What you are asked to do:
Repeat verbatim each line from the line with "this 800×600 image." to the end of the entries. Pictures do not belong in the copy.

Supplied records:
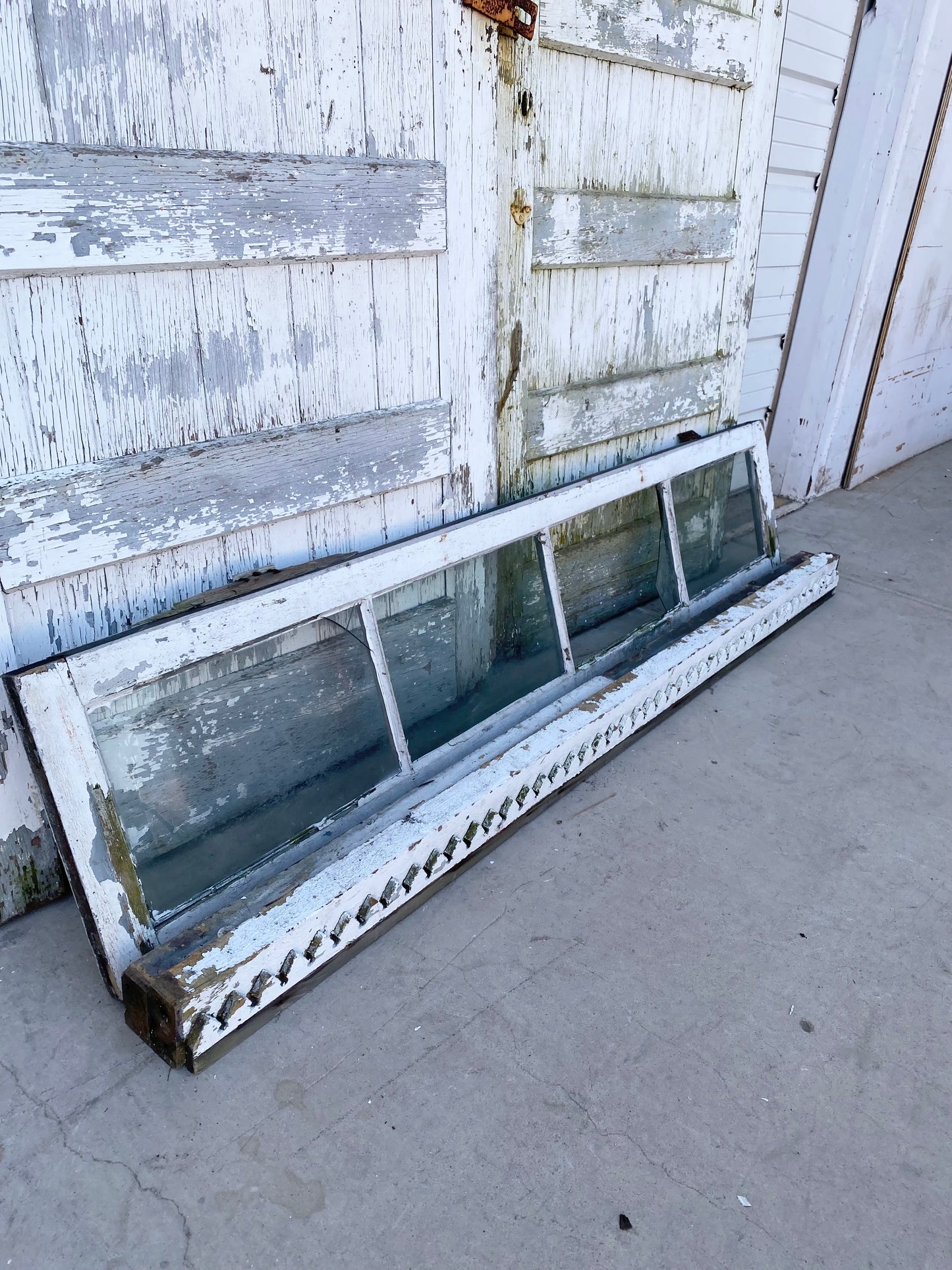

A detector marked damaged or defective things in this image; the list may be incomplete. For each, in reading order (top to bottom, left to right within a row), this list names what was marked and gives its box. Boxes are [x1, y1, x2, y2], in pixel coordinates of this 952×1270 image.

rusty hinge [466, 0, 540, 40]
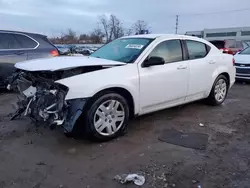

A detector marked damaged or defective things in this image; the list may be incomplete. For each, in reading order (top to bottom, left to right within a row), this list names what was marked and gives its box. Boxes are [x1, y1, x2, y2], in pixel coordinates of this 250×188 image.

crumpled hood [14, 55, 125, 71]
damaged front end [8, 69, 88, 132]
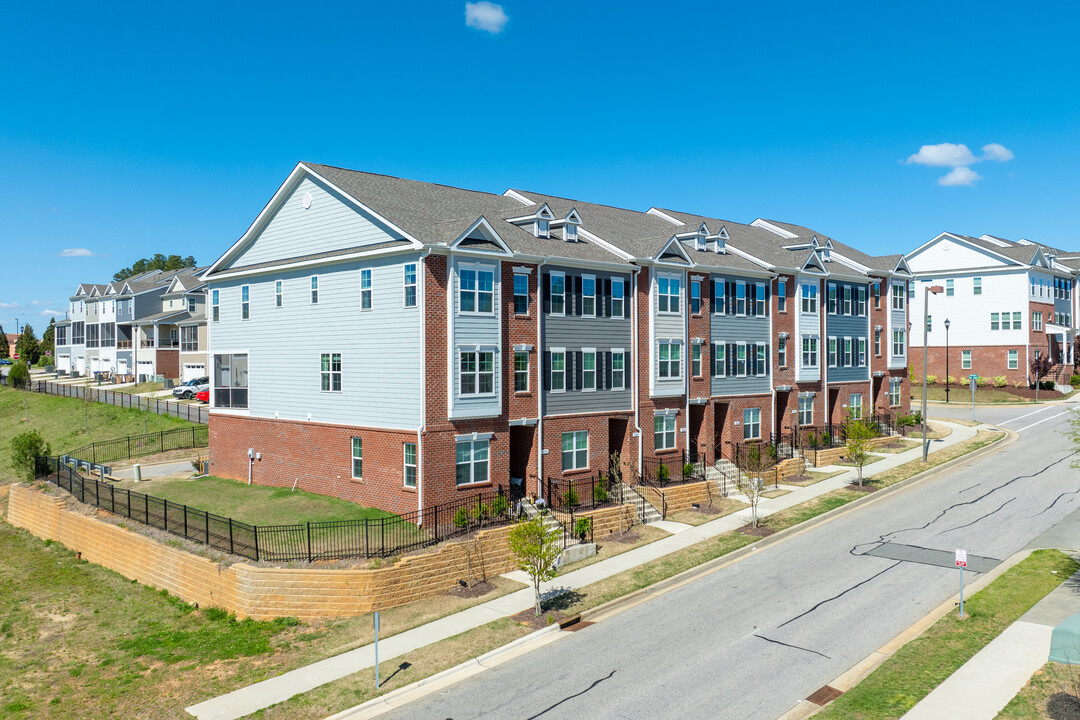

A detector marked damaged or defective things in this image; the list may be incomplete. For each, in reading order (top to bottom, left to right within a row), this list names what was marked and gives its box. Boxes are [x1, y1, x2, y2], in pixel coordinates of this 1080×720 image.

crack sealant line on road [777, 546, 1036, 720]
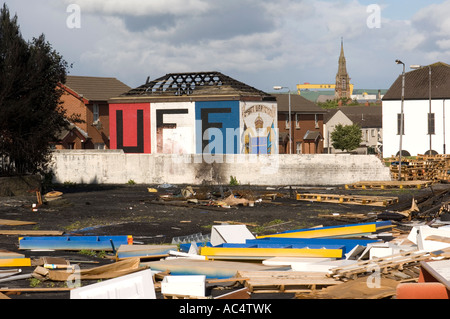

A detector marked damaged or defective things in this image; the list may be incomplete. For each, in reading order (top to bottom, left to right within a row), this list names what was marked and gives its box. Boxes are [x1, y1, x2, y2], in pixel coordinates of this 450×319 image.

burnt roof [62, 76, 132, 102]
burnt roof [118, 72, 272, 100]
burnt roof [382, 62, 450, 100]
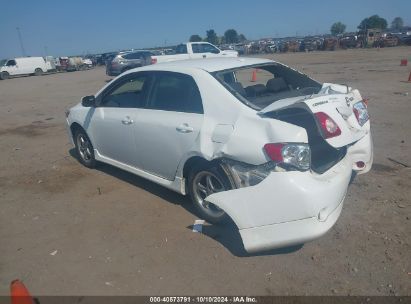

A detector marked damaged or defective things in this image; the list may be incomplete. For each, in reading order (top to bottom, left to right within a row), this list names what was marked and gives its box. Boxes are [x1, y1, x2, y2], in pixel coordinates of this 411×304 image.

damaged white sedan [67, 57, 374, 252]
crumpled rear bumper [208, 153, 352, 253]
bent trunk lid [260, 82, 370, 148]
broken taillight [318, 112, 342, 138]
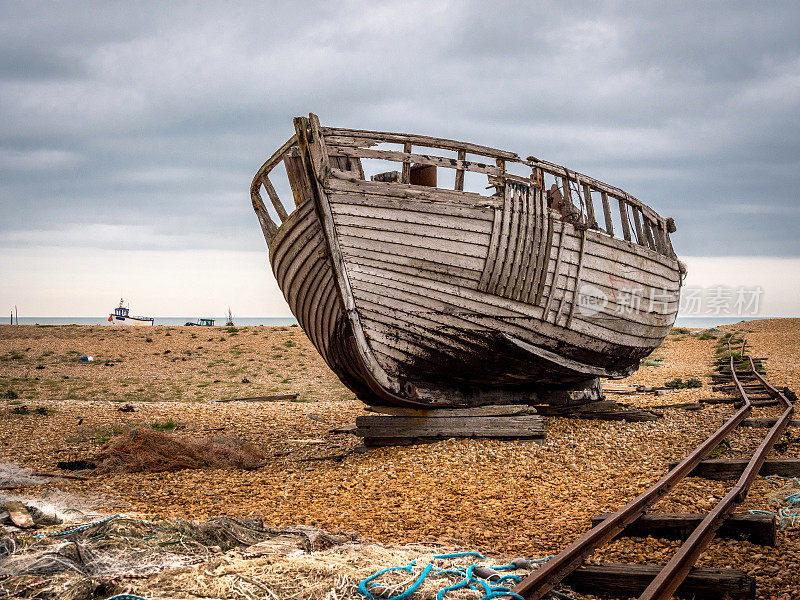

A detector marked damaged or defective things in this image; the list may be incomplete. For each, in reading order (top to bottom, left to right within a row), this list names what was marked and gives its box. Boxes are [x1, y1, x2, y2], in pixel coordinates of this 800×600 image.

rusty railway track [512, 336, 792, 596]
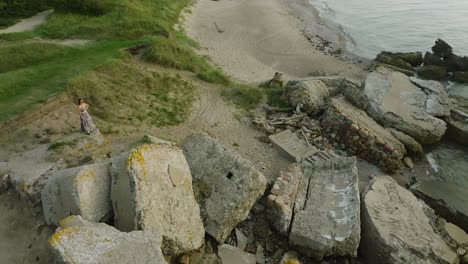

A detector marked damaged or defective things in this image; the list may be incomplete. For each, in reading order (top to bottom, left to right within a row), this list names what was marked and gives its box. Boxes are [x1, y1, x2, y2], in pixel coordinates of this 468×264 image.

broken concrete slab [268, 129, 320, 162]
broken concrete slab [322, 97, 406, 173]
broken concrete slab [362, 67, 446, 143]
broken concrete slab [41, 162, 112, 226]
broken concrete slab [49, 216, 165, 262]
broken concrete slab [111, 142, 205, 256]
broken concrete slab [182, 134, 266, 243]
broken concrete slab [218, 243, 256, 264]
broken concrete slab [266, 163, 304, 235]
broken concrete slab [288, 157, 358, 260]
broken concrete slab [362, 175, 458, 264]
broken concrete slab [412, 180, 468, 232]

Output of the task:
A detector marked damaged or defective things in this image; the list may be incomplete. For each, in reading order (top to bottom, left to right within a row), this list names what was marked and gives its box. Boxes are [x1, y1, x2, y2], in pixel coordinates of this 800×600 image.

rusty railway track [512, 336, 792, 596]

A detector marked damaged or defective things in this image; the list may be incomplete. For each, in reading order (top to bottom, left to right within a row), this list names what was marked and gives its box. Boxes are [x1, y1, x2, y2], in pixel coordinates of this 468×264 image.

broken concrete slab [268, 129, 320, 162]
broken concrete slab [322, 97, 406, 173]
broken concrete slab [362, 67, 446, 143]
broken concrete slab [41, 162, 112, 226]
broken concrete slab [49, 216, 165, 262]
broken concrete slab [111, 142, 205, 256]
broken concrete slab [182, 134, 266, 243]
broken concrete slab [218, 243, 256, 264]
broken concrete slab [266, 163, 304, 235]
broken concrete slab [288, 157, 358, 260]
broken concrete slab [362, 175, 458, 264]
broken concrete slab [412, 180, 468, 232]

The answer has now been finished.